The Youth Climate Ambassador Project

The Youth Climate Ambassadors Project facilitates action- and hope-oriented climate change conversations within young communities.

Project Leads: Grace Nosek, George Radner
Project leads George Radner and Grace Nosek with students from Prince of Wales Secondary

The Youth Climate Ambassadors Project is a new program supported by the UBC Climate Hub, responding to demand for action- and hope-oriented climate change conversations within young communities. Conventional climate communications efforts have often focused on apocalyptic, hopeless stories of crisis which can be paralyzing, demoralizing, and ineffective for inviting youth to act. Acknowledging the window presented by the IPCC’s 2018 report, the Youth Climate Ambassadors Project offers an alternative perspective that highlights how leaning into the climate movement can inspire hope, community, and agency, while inviting participants to consider climate change as an issue of social justice through a lens of systems thinking. 

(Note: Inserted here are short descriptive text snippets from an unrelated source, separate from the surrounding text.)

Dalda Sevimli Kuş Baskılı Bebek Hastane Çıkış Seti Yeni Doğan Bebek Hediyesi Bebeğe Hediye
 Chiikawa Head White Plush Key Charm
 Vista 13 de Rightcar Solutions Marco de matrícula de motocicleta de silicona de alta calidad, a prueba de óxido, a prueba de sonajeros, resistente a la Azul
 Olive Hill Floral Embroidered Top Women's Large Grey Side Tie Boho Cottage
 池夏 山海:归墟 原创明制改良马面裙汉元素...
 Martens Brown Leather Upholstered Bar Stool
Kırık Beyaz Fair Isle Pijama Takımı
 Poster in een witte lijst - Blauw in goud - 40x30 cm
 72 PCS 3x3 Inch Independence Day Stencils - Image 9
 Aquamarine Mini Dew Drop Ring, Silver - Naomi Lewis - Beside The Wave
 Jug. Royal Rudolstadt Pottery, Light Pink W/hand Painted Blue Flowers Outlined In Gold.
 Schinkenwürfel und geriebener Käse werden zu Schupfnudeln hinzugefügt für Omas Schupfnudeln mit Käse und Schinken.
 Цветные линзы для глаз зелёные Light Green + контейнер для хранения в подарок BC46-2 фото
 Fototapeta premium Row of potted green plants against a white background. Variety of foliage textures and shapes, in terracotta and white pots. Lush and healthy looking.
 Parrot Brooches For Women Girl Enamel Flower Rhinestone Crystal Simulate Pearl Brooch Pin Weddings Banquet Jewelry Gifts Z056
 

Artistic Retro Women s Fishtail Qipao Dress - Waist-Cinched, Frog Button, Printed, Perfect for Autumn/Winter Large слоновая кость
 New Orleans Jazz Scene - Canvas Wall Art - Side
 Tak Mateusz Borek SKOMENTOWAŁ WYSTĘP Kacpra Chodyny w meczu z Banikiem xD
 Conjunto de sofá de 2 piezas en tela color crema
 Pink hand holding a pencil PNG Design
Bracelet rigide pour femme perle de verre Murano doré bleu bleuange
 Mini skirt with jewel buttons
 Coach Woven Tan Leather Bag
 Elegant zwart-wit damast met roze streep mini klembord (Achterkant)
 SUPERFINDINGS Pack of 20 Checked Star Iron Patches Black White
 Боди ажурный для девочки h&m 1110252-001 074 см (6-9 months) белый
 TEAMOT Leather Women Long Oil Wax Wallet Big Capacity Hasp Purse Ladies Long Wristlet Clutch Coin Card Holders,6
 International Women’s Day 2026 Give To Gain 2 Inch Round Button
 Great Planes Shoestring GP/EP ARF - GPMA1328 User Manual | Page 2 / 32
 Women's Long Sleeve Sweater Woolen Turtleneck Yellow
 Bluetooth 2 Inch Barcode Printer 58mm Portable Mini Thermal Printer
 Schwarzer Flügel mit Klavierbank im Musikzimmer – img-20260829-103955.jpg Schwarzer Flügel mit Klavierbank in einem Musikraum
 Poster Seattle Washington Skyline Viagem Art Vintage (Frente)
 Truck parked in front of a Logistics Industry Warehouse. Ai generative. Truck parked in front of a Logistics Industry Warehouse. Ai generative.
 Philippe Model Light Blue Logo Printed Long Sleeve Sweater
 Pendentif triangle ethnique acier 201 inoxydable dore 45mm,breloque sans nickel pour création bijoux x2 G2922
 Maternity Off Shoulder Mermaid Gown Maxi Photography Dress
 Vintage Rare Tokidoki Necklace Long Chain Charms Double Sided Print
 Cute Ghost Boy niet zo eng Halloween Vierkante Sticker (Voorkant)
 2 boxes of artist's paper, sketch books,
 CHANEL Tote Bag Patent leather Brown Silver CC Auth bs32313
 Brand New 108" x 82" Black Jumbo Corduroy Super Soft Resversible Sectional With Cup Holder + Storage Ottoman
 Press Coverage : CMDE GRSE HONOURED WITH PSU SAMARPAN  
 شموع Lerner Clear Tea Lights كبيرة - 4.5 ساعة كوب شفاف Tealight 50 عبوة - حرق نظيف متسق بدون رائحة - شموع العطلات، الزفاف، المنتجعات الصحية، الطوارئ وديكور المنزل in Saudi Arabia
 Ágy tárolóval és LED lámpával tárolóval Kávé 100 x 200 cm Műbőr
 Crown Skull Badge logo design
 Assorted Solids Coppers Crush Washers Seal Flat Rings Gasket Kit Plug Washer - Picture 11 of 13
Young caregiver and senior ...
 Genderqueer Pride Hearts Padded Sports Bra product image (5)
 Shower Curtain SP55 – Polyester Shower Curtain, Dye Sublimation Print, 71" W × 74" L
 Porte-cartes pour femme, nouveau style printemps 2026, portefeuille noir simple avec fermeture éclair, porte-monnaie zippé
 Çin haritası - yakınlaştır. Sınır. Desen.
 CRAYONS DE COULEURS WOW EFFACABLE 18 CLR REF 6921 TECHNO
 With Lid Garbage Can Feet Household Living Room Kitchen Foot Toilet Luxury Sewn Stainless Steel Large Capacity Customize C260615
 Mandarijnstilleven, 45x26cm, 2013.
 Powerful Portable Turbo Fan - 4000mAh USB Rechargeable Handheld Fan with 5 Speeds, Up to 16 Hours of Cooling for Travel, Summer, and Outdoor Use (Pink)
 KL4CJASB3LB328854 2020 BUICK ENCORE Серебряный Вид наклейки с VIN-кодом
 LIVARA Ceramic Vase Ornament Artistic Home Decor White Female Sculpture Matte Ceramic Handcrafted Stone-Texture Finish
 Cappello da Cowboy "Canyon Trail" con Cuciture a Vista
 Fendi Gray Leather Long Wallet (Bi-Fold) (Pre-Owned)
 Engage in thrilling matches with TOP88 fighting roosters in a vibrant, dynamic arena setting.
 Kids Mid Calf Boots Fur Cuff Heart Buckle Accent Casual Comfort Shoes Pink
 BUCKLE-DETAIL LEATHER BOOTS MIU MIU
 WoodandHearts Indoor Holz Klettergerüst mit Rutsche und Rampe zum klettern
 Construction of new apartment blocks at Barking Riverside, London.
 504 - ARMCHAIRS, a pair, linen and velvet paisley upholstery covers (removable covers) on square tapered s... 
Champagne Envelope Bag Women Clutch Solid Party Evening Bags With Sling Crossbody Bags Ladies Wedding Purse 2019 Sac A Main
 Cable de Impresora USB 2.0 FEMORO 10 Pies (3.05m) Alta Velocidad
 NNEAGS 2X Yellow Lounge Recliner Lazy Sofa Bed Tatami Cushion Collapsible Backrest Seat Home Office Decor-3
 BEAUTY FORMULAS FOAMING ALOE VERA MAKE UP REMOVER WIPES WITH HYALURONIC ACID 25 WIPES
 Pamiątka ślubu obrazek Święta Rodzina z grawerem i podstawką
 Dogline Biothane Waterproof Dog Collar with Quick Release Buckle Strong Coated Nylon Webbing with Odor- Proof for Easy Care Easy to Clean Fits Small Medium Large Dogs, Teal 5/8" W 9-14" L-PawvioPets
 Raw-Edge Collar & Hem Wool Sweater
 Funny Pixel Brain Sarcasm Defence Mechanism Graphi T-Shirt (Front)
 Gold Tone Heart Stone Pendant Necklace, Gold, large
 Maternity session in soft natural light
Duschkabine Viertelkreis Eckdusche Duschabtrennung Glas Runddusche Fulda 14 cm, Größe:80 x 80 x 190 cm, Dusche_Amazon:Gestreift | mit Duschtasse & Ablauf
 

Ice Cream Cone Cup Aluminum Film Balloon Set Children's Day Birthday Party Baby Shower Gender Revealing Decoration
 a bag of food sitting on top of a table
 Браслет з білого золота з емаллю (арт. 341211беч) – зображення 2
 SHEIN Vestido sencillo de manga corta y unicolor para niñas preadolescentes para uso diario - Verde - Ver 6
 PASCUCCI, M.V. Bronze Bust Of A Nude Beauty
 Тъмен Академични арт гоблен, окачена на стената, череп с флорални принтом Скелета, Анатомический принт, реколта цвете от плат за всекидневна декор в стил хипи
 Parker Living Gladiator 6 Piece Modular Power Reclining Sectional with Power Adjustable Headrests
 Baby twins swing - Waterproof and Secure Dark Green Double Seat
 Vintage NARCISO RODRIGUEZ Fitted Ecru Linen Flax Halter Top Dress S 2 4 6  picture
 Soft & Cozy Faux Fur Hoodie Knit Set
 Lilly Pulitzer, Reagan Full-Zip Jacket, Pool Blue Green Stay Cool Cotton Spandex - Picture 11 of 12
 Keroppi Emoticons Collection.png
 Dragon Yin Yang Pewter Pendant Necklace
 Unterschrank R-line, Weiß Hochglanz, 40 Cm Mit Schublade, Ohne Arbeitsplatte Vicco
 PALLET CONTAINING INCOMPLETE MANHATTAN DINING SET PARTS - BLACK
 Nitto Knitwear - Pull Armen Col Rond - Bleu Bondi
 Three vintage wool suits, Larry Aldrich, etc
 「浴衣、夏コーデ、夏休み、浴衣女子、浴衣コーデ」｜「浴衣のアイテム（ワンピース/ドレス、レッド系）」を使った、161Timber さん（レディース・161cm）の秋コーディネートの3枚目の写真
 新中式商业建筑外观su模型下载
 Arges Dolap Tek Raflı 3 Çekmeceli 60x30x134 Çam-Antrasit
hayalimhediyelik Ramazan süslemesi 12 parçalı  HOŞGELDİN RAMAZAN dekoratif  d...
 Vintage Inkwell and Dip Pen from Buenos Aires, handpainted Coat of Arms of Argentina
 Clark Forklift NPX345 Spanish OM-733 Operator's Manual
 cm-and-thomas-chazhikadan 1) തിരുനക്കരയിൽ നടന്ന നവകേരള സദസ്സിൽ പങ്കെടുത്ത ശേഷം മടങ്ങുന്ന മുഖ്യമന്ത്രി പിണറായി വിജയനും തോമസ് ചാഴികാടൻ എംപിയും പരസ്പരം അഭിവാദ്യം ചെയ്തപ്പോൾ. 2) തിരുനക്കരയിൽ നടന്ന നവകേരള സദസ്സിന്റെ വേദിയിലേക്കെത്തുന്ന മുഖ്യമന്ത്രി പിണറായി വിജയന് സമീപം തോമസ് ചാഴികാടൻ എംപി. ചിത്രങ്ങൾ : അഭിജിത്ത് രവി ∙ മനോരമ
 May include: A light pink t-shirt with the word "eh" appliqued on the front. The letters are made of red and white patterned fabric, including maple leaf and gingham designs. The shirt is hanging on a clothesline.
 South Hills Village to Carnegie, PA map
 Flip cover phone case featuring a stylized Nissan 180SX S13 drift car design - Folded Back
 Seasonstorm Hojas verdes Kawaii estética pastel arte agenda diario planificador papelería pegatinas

Through this program, UBC student facilitators offer one to two hour workshops delivered within academic, athletic, creative, social, and cultural communities. The goal: to empower youth with the knowledge, resources, and confidence to become “Climate Ambassadors” in their own communities. Along the way, youth will learn about climate justice and how to understand the complexity of the climate crisis, and its solutions, through systems thinking. The workshops focus on storytelling as a way to help climate narratives resonate with students. Facilitators tell their own climate story, highlighting how and why they became involved in the climate movement, and what it’s meant to them. We believe this peer-to-peer connection is crucial for inviting more youth into the climate movement.

Progress to Date

A pilot phase of the Youth Climate Ambassadors Project has been running from January 2019 to June 2019. So far, the program has reached over 600 youth in middle schools and high schools. Following initial workshops, the TREK and Mini School programs at Prince of Wales Secondary have been heavily involved, with students providing feedback on program design, and dedicating both class and volunteer time to participate in Climate Hub activities. Having seen the overwhelming expressions of interest after each workshop, a robust collection of post-workshop resources are now being created in order to connect youth with a diversity of ongoing avenues to engagement in climate-related work. 

Beyond supporting youth leadership off-campus, the Youth Climate Ambassadors Project supports UBC student leadership on climate, and facilitates the sharing of climate knowledge on- and off-campus.